• [What the exercise asks]
Return the listing below unchanged, minus its pictures.

• [Information shown]
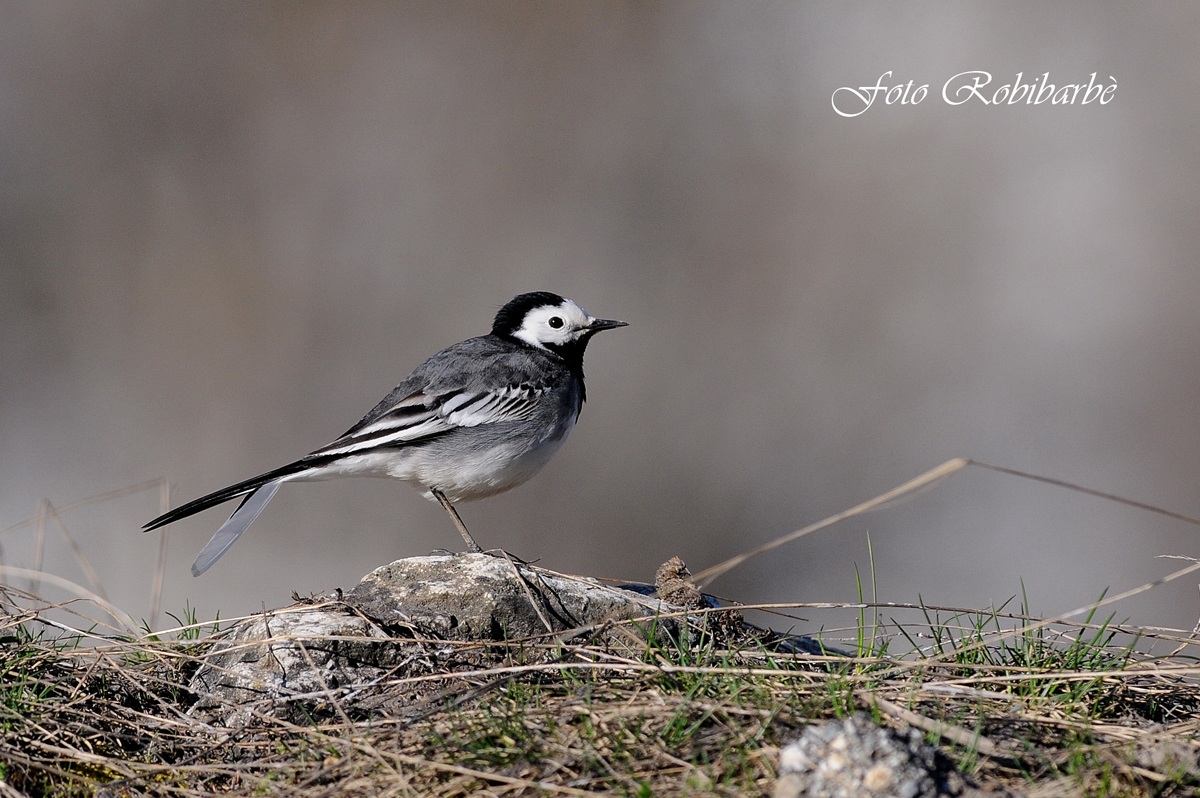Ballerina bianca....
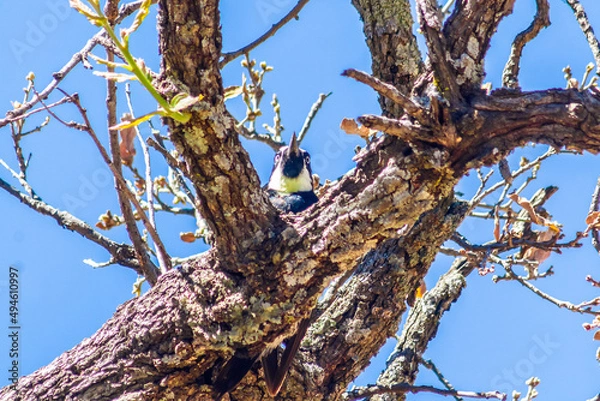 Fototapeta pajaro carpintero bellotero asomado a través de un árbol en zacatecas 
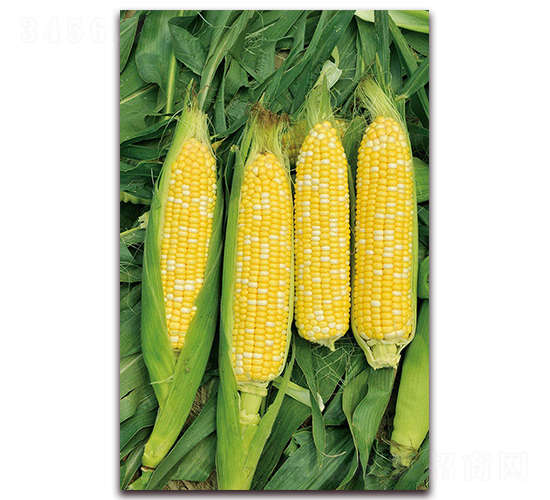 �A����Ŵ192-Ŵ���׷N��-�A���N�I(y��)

• [Final answer]
Ballerina bianca....
 Fototapeta pajaro carpintero bellotero asomado a través de un árbol en zacatecas 
 �A����Ŵ192-Ŵ���׷N��-�A���N�I(y��)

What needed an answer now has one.